When I first opened the menu I was pretty disappointed. I was expecting some fantastic roll call of Mexican specialties that you just can't get on the Carolina coast--things like mole and real tamales and meatballs in chipotle sauce. What I found looked like the same menu you see in every one of those La Hacienda/Monterrey/San Jose/etc. restaurants that have Mexican (or, at least, Latino) owner/operators but apparently all share the same distributor and recipes--including, of course, the "Speedy Gonzales" #1 Lunch Special , which must appear on about eighty-three thousand Mexican restaurant menus in the Southeast.
And then I spied, amid all the standard franchise tex-mex numbered combos, a picture of a platter of tacos, and I knew immediately what I was ordering.
I was about to write, "El Mercadito has real tacos," but I really can't say that for sure, having never been to Mexico and not knowing for sure even if Mexico is the home of the real taco. If you believe food writers (like Mark Bittman, who recently published a nice column on "real tacos" in the New York Times) then these are the real thing. And, real or not, I can say with certainty that they are GREAT tacos.

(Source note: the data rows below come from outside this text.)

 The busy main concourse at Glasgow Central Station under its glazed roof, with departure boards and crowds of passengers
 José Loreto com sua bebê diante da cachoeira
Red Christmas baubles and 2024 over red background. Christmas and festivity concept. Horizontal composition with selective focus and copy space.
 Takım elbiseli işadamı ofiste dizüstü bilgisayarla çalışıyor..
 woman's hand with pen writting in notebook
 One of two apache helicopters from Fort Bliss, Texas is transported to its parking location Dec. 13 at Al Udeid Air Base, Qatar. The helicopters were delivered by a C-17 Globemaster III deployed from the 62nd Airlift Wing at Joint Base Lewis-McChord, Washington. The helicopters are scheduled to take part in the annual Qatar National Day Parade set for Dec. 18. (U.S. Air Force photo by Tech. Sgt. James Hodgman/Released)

First, each taco is served on two soft, warm corn tortillas (not a deep fried corn tortilla shell nor a chewy flour "soft taco" tortilla). And, second, you get a choice of five great meats: al pastor, pork carnitas, carne asada (beef), something I can't remember (probably chicken), and cabeza. I knew the last one literally means "head", but the menu had it translated as "beef cheeks". I ordered three tacos, including one with cabeza, figuring that something so odd-sounding had to be good. And, as luck would have it, they were all out of cabeza (or, at least they claimed to be out of it. As with the seared pig trotters at Amuse, I'm starting to suspect that whenever I order something unusual the waiter takes a look at me, figures I don't look like an adventurous enough guy, and tells me they're out of it just to spare me from being disappointed.) So, I ended up with a carnitas, a beef, and an al pastor.
The latter was probably my favorite--a hard call to make, admittedly: all the meats were tender with crisp edges and smoky and fantastic and miles away from the typical overly-spiced steamed ground beef. Tacos al pastor are made from a big hunk of pork coated with spices and cooked on a rotisserie, then shaved off as the tacos are ordered--much like the giant blocks of lamb meat from which gyros are carved.

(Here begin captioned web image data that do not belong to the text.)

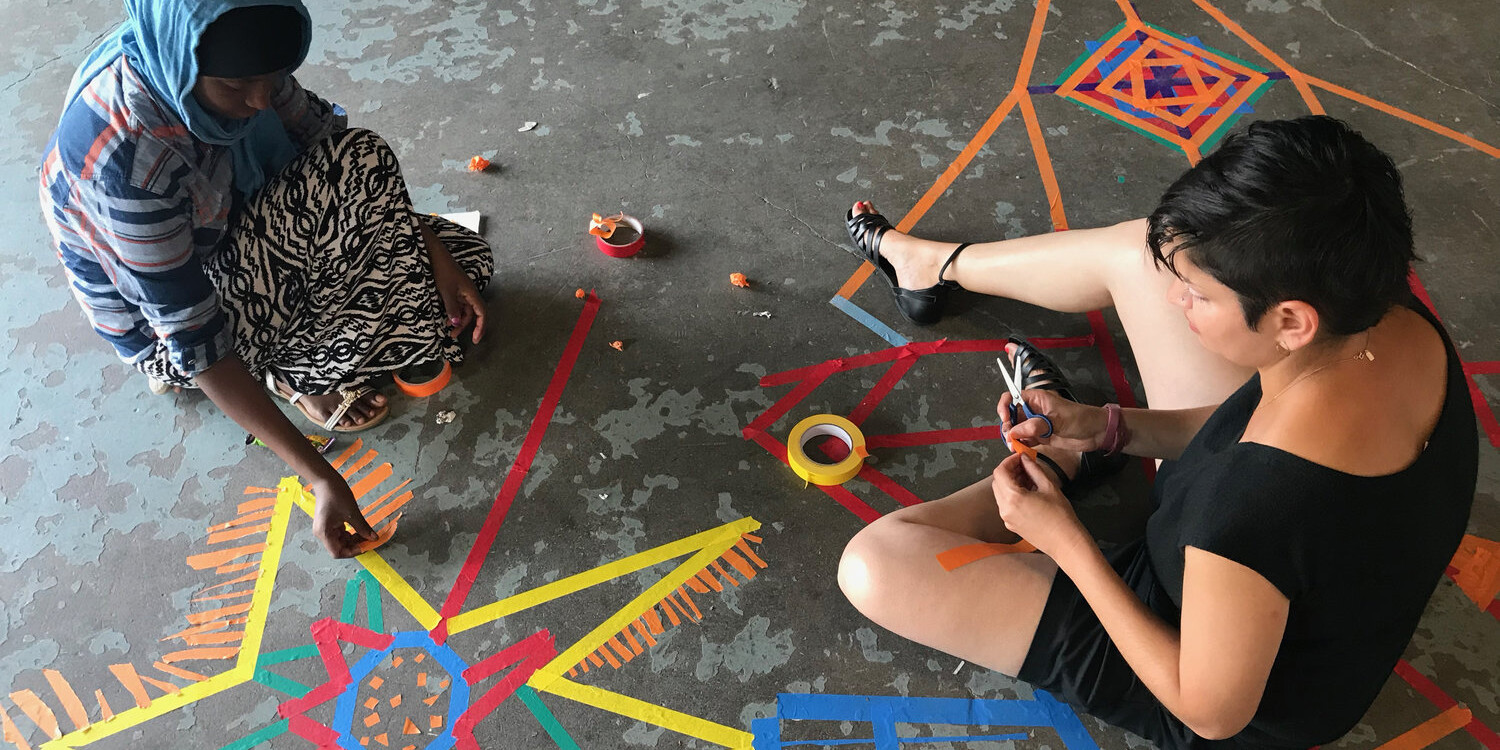 Two students sitting on the ground making designs using pieces of colored tape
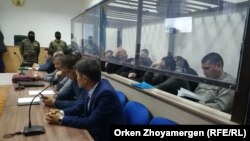 Defendants listen to the verdict in the case in Nur-Sultan on December 11.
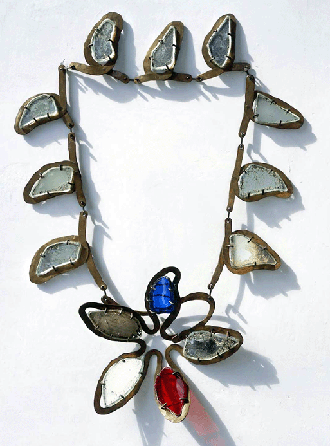 This exquisite, one-of-a-kind "Necklace,†circa 1938, made of brass wire, glass and mirror was included in an exhibition of Calder's jewelry at New York's Marian Willard Gallery in 1940. Private collection, New York. ©2007 Calder Foundation, New York City.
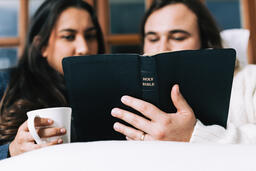 Husband and Wife Reading the Bible Together in Bed  image 2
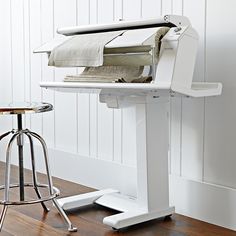 a white desk with an ironing board attached to the wall and a stool next to it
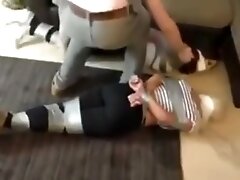 Two girls tied and gagged with tape
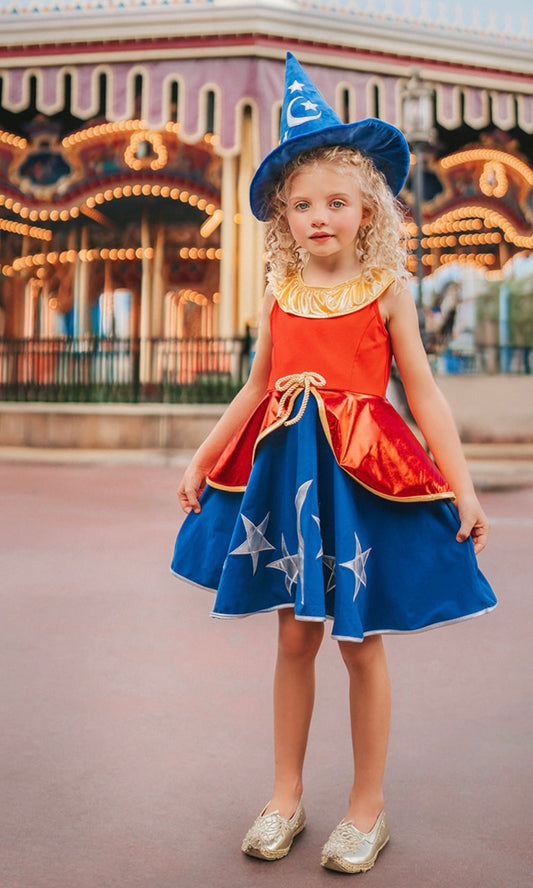 A young girl is wearing our Sorcerer Mouse Twirl Dress and Hat. That wizard hat is blue with silver moon and stars. The dress has a gold collar and red bodice. The skirt has a gold rope bow and a metallic red bustle layer atop a blue twirl skirt. The skirt is adorned with a silver moon and stars.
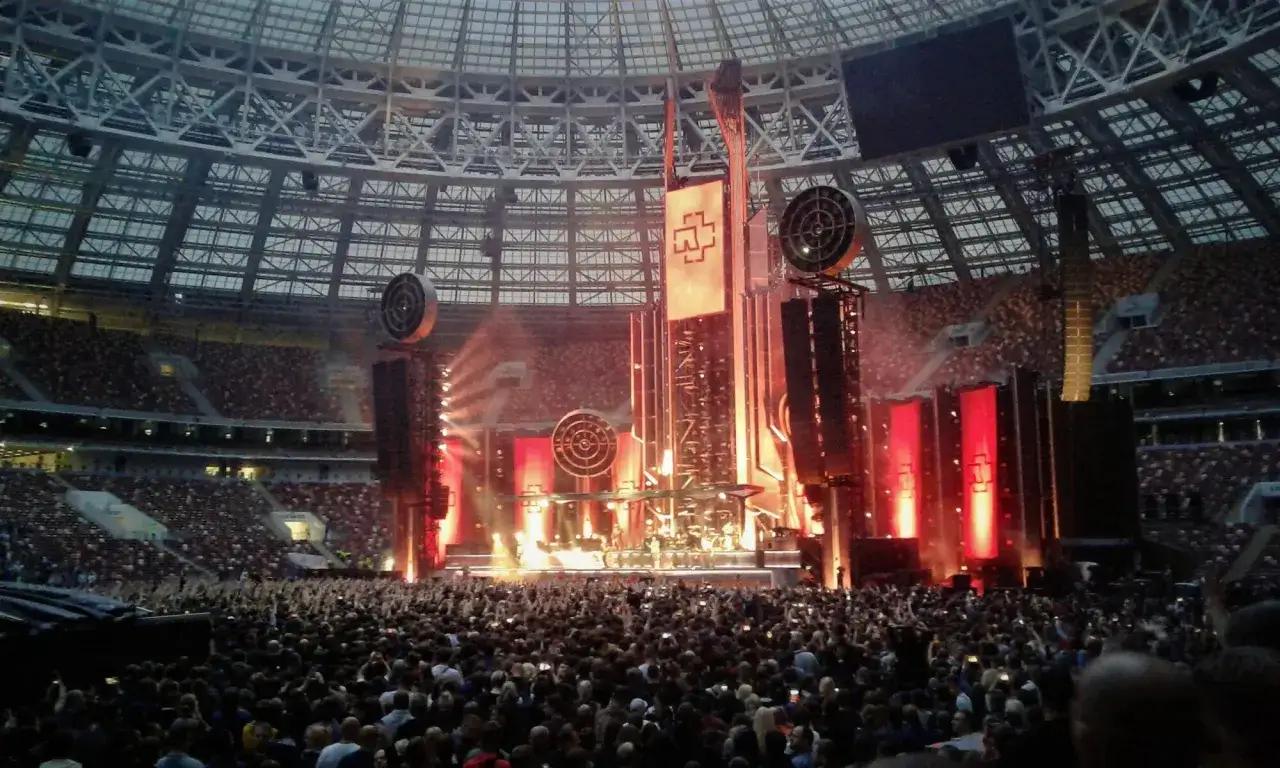 Koncert Rammstein - Deutschland. Ogromny tłum na stadionie, scena z pirotechniką i charakterystycznym logo zespołu.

El Mercadito dresses its tacos not with a big wad of shredded iceberg lettuce and gobs of pasty colby-jack but rather with onions and a little cilantro and nothing else. Wedges of lime are placed on the side, and a small rack of three salsas--pico de gallo, salsa verde, and a rich red chile sauce--are served alongside. And the tacos were fantastic.

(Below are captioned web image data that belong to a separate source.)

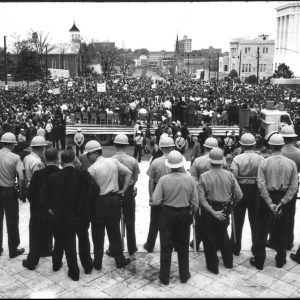 thumbnail of Alabama State Troopers guarding Dexter Ave. step to the state capitol, Montgomery by Dan Budnik. medium: silver gelatin print. date: March, 1965. dimensions: 7.75 x 11.75 inches
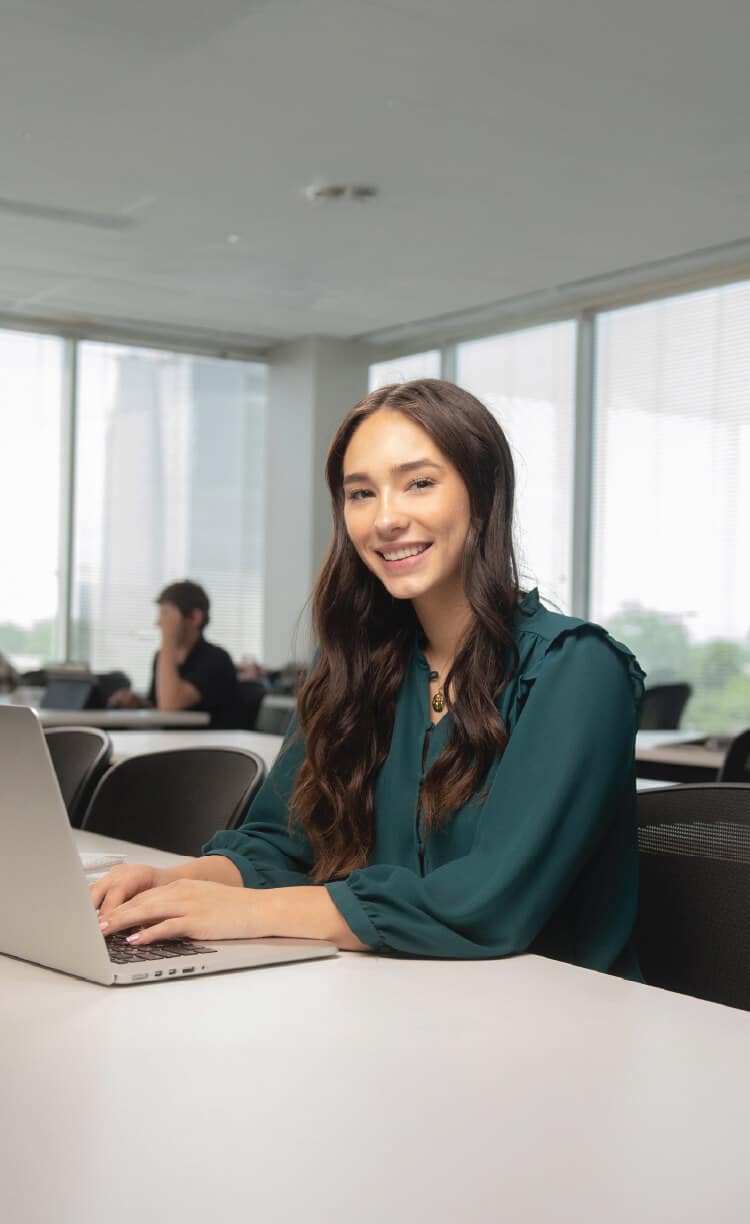 A young woman with long brown hair, wearing a teal blouse, sits at a white table using a laptop and smiling in a bright, modern classroom with large windows.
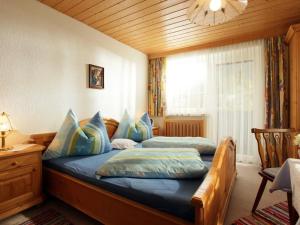 Ein Bett oder Betten in einem Zimmer der Unterkunft Haus Heckenrose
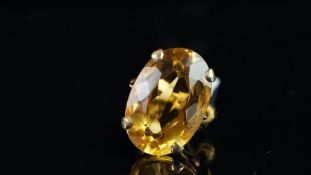Single stone citrine ring, mounted in unmarked yellow metal tested as 9ct gold, large oval mixed cut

Surfing the web as I worked on this post, I noticed a review that suggested El Mercadito recently underwent a renovation to make it into more of the classic "American Mexican" restaurant that Southern diners have come to expect--explaining the presence of the infamous "Speedy Gonzales" lunch combo.
I say more power to them. If the bland, standard menu and baskets of chips and salsa get more patrons in the door and helps pay the bills and keeps the restaurant open that's fine with me. As long as they keep tacos al pastor and other genuine delicacies tucked away somewhere in the back of the menu, I'll be happy. And, I'll be coming back for more.